Tiger Global believes India is likely to yield the highest equity returns in the world, his partner Scott Shleifer said during an investor call on Tuesday, even as he admitted the investor giant has made much more money in China and the US.
“We think this is the best place to invest,” says Shleifer from India. “We were able to buy 16 or 17% of Flipkart for $8 million in 2010,” he said of the investment in the e-commerce giant, which is currently valued at more than $36 billion. “We were able to buy 10% of Inframarket for $8 million. We bought a third of Upstox for $50 million.
Tiger Global is one of India’s most prolific investors, having backed more than a third of all the country’s unicorns. The New York-based company has deployed more than $6.5 billion in India since its inception, australiabusinessblog.com reported last year.
Shleifer acknowledged global investors’ concern that India has so far failed to deliver significant returns.

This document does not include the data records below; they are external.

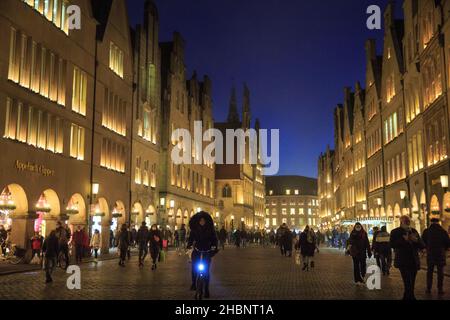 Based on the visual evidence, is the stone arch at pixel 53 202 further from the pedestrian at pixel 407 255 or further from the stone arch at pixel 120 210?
the pedestrian at pixel 407 255

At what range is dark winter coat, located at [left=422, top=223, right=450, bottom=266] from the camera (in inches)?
624

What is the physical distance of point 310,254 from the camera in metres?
25.0

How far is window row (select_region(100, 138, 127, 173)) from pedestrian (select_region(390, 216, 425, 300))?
96.7 ft

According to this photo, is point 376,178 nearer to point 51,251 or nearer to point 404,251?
point 51,251

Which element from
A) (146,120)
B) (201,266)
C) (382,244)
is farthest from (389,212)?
(201,266)

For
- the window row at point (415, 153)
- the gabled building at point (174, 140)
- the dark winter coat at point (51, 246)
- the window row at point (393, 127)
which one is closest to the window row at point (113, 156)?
the gabled building at point (174, 140)

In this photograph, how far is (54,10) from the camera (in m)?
33.2

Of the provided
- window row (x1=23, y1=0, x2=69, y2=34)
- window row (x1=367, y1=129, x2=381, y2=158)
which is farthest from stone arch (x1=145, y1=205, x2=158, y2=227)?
window row (x1=367, y1=129, x2=381, y2=158)

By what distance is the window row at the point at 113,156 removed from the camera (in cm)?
4091

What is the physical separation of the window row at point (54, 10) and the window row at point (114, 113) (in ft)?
24.6

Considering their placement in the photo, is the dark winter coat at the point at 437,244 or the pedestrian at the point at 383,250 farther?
the pedestrian at the point at 383,250

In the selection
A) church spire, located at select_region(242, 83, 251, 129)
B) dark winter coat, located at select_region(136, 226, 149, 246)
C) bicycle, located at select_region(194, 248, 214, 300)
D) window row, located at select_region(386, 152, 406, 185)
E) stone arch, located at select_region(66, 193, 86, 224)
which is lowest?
bicycle, located at select_region(194, 248, 214, 300)

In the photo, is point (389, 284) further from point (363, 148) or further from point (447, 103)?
point (363, 148)

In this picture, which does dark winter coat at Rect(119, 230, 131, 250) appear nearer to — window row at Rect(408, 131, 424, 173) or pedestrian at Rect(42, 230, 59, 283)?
pedestrian at Rect(42, 230, 59, 283)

“Return on capital in India is historically poor. “If you look at leading internet companies, be it Google, Facebook, Alibaba or Tencent, revenues have outstripped costs more than a decade ago. You had a great legacy over the past 17-18 years of materially profitable internet businesses. So the returns on stocks on the Internet became very high and the returns to investors were very high. But that didn’t happen in India.”
Until the past two or three years, India had about zero profitable internet startups, while banks and companies in other sectors were thriving, he said. “As a result, returns on capital for investors like us are below average… way below. Our return in India is about 20% gross since inception. That compares to the mid-1930s in the US on the private side and the low-50s in China. But that’s in the past,” he said.
Shleifer claimed that India’s low yields are no one’s fault, adding that the country’s own $3 trillion GDP is small. In recent years, he said, “we’ve seen incremental profit margins on market leaders are fantastic.”
This is an evolving story. More to follow.